# Work item:
Wherever pictures occur in the entries below, leave them out and retype the rest exactly.

# Exercise input:
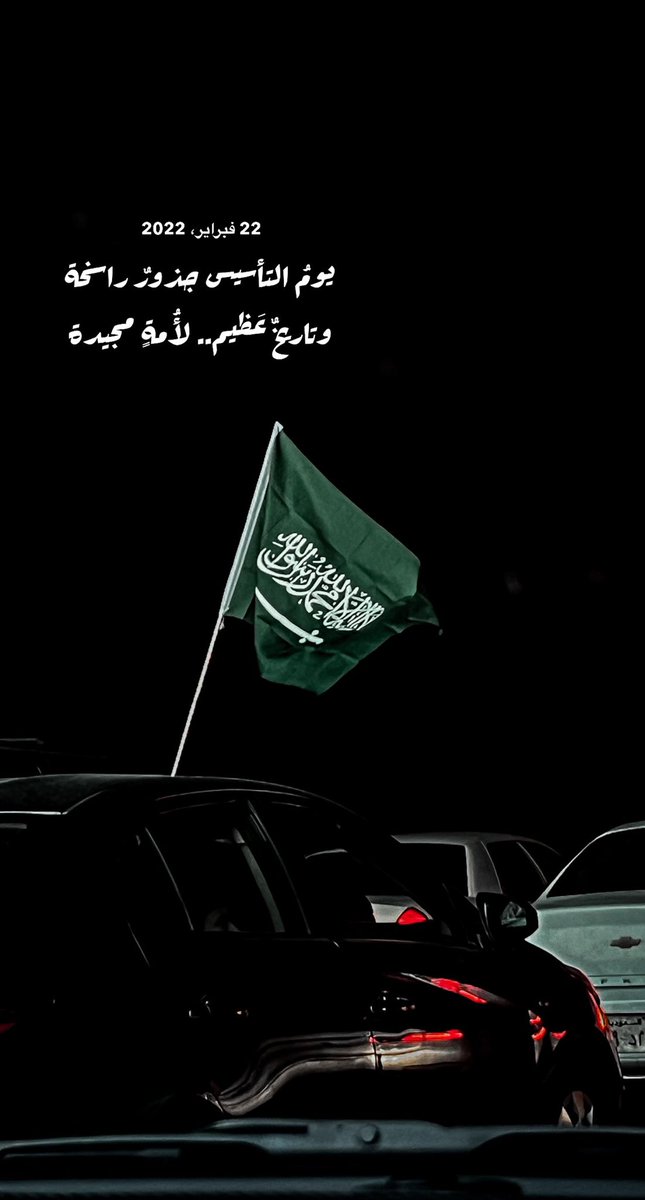 yh949's tweet photo. #يوم_التاسيس https://t.co/3nTOs8pr0u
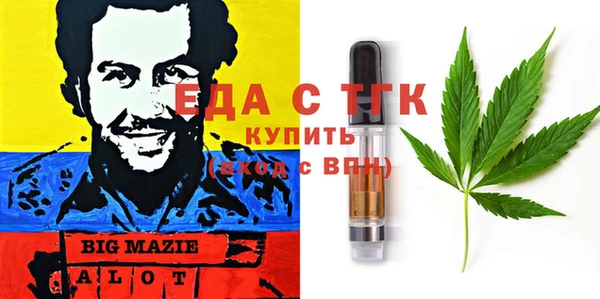 бутират Богородск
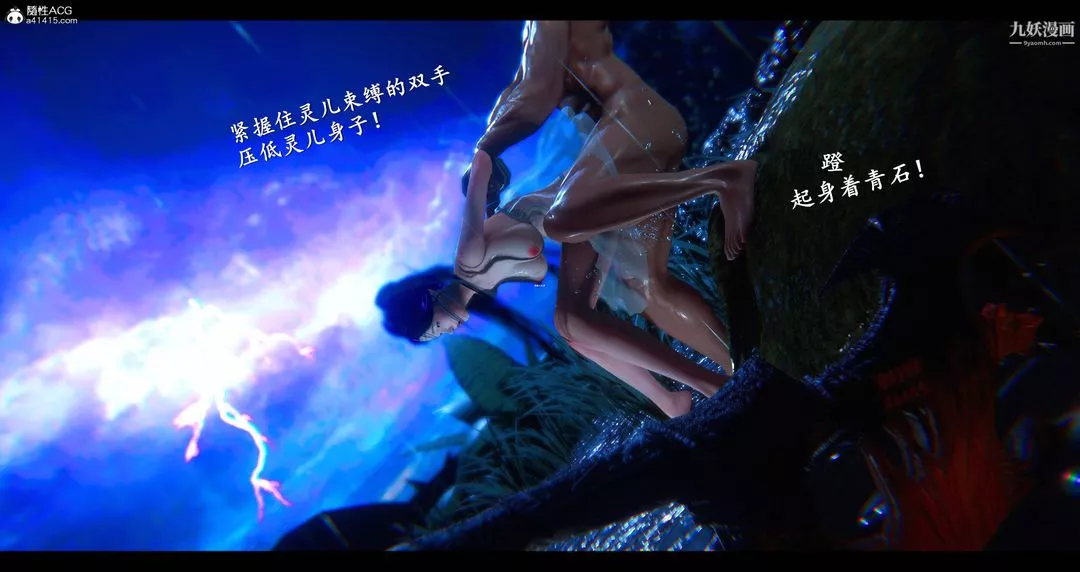 仙劍奇俠傳精美同人大作[3D]第08章【第08話】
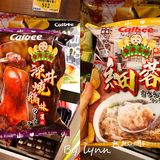 香港超市收获
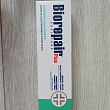 Картинка 677320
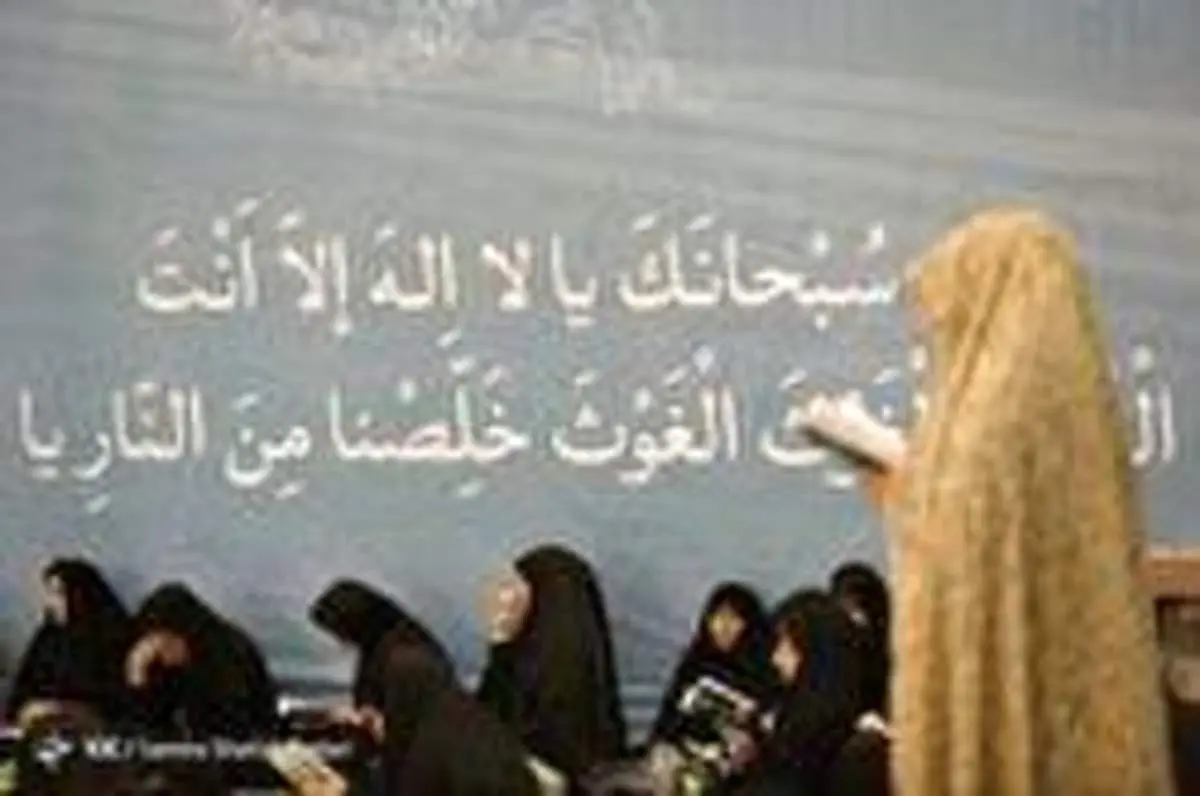 اعمال شب ۲۱ ماه مبارک رمضان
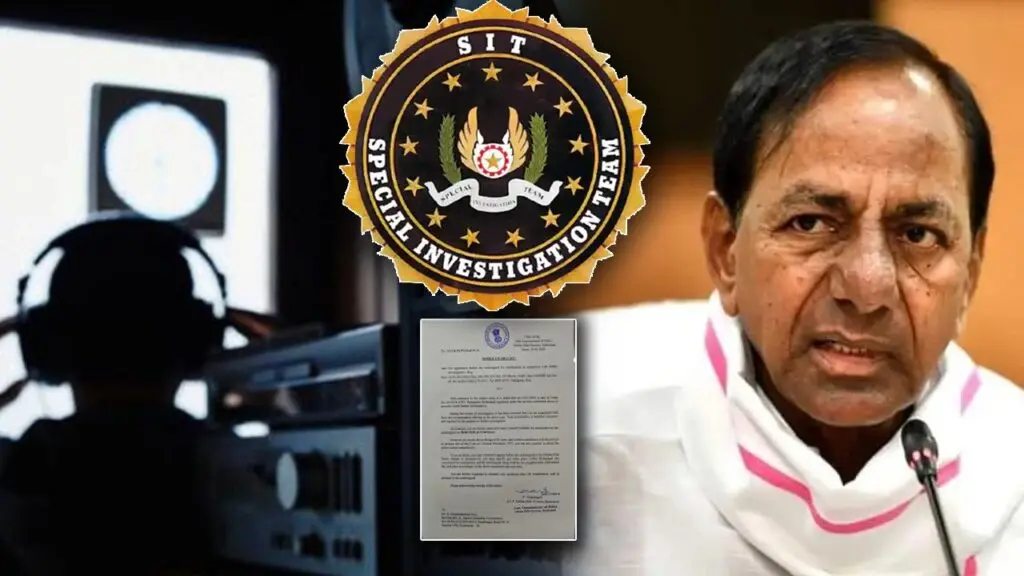 KCR SIT inquiry| రేపు సిట్ విచారణకు రాలేను : కేసీఆర్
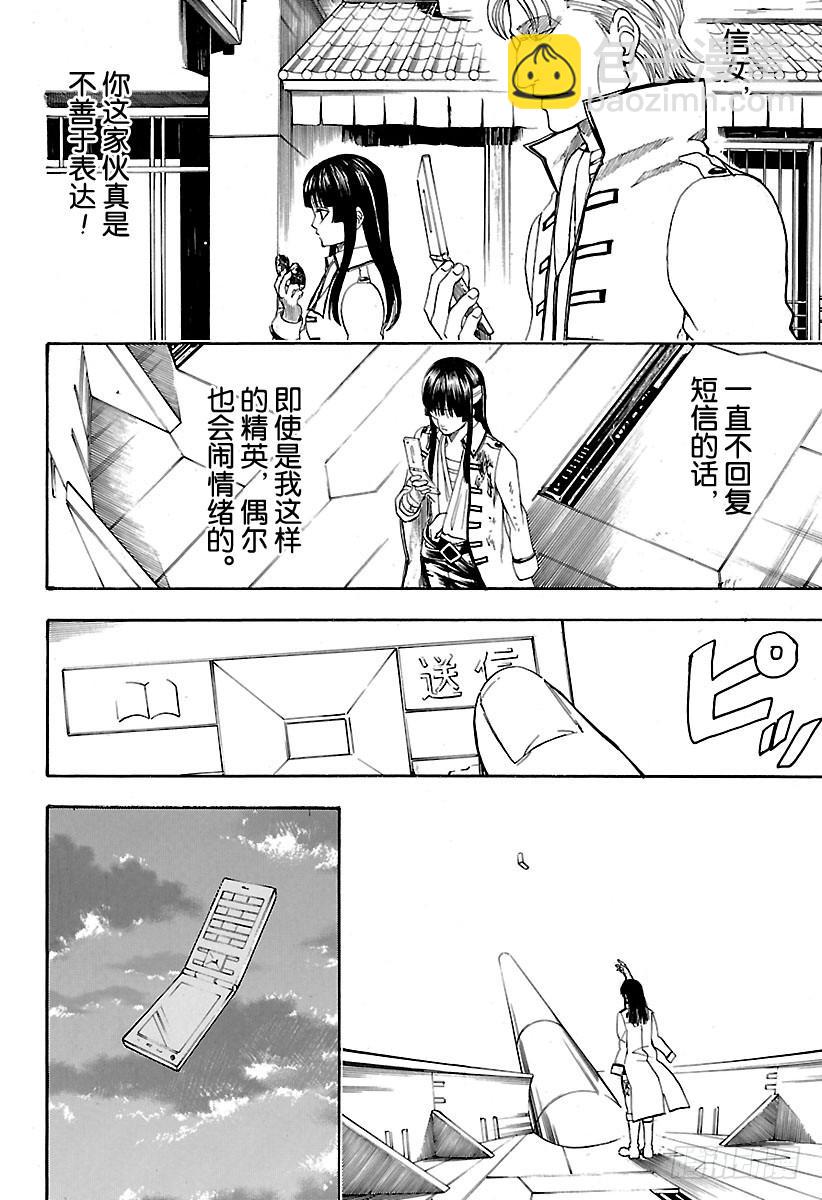 第550话 再见，真选组9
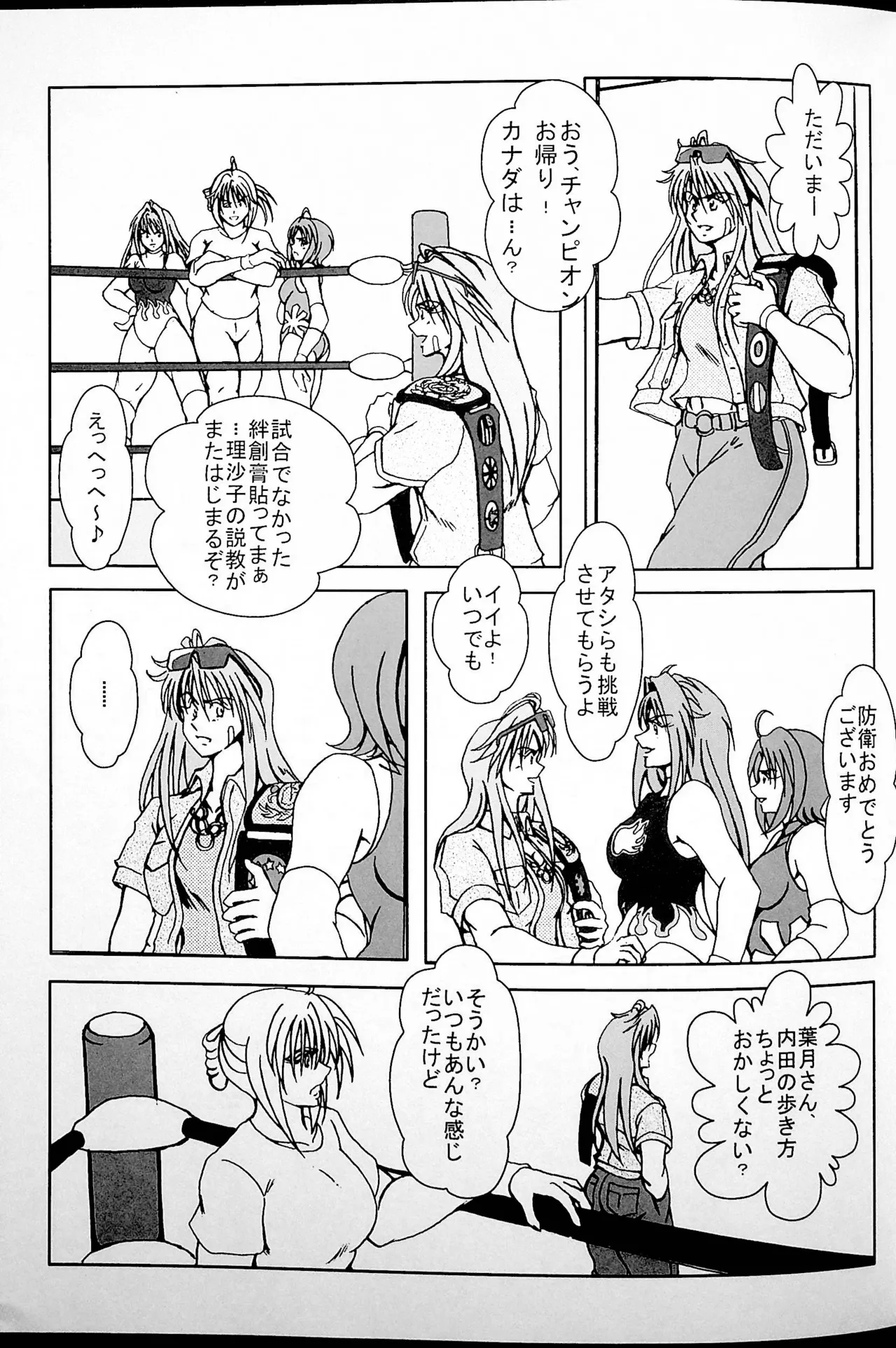 Final Match - page8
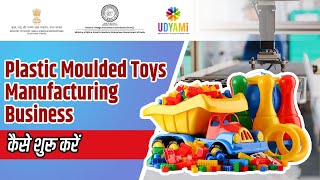 Plastic Moulded Toys Manufacturing Business  कैसे बनते हैं Plastic Moulded Toys  PMEGP Scheme [upl. by Pietje]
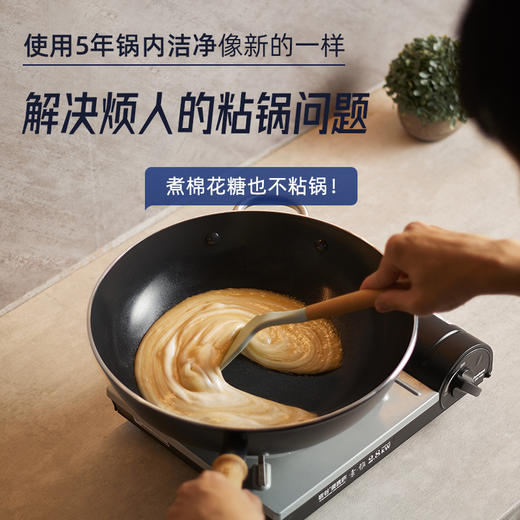 bluediamond蓝钻原木陶瓷专利中华炒锅（下单送木铲） 商品图1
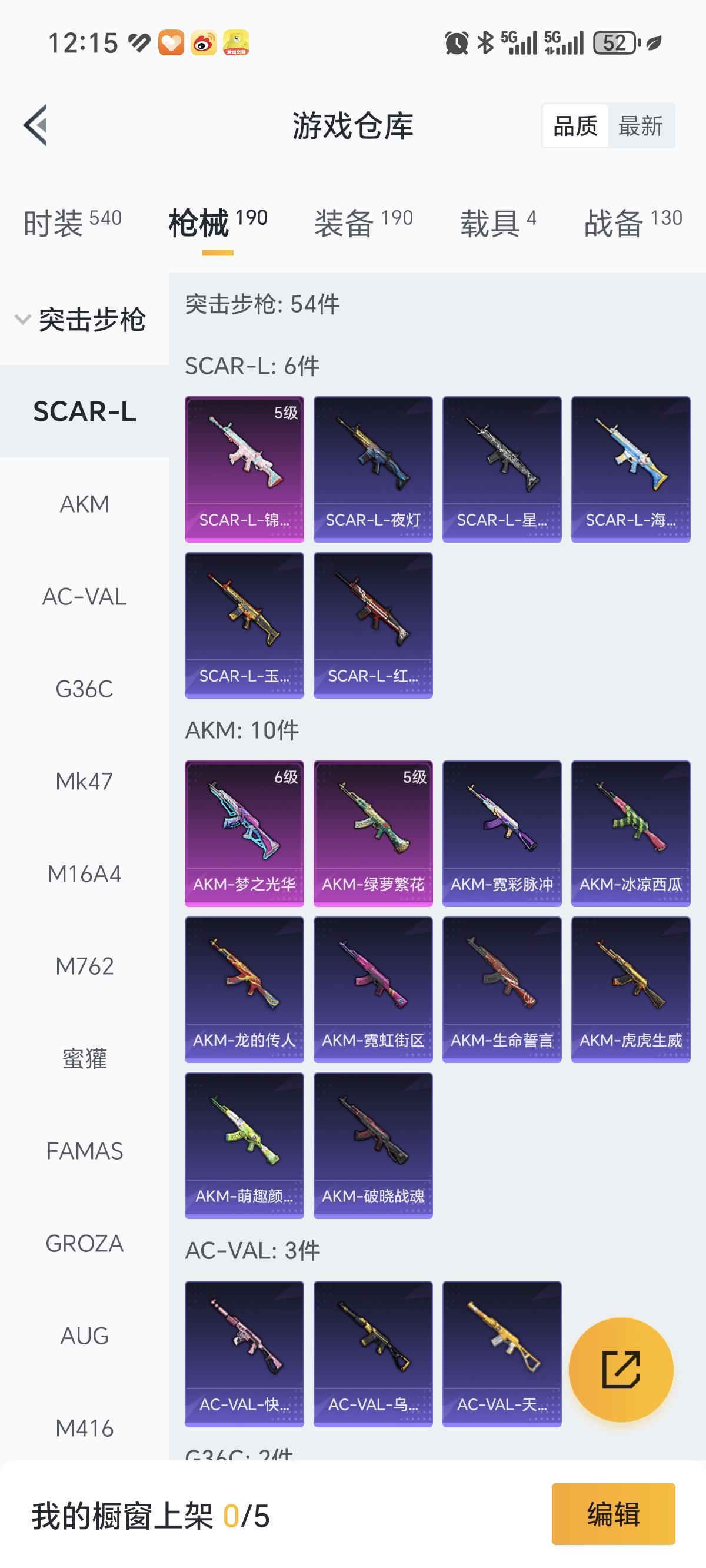 HPCMW3422926和平精英账号详情图24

# Solution for this task:
 yh949's tweet photo. #يوم_التاسيس https://t.co/3nTOs8pr0u
 бутират Богородск
 仙劍奇俠傳精美同人大作[3D]第08章【第08話】
 香港超市收获
 Картинка 677320
 اعمال شب ۲۱ ماه مبارک رمضان
 KCR SIT inquiry| రేపు సిట్ విచారణకు రాలేను : కేసీఆర్
 第550话 再见，真选组9
 Final Match - page8
 Plastic Moulded Toys Manufacturing Business  कैसे बनते हैं Plastic Moulded Toys  PMEGP Scheme [upl. by Pietje]
 bluediamond蓝钻原木陶瓷专利中华炒锅（下单送木铲） 商品图1
 HPCMW3422926和平精英账号详情图24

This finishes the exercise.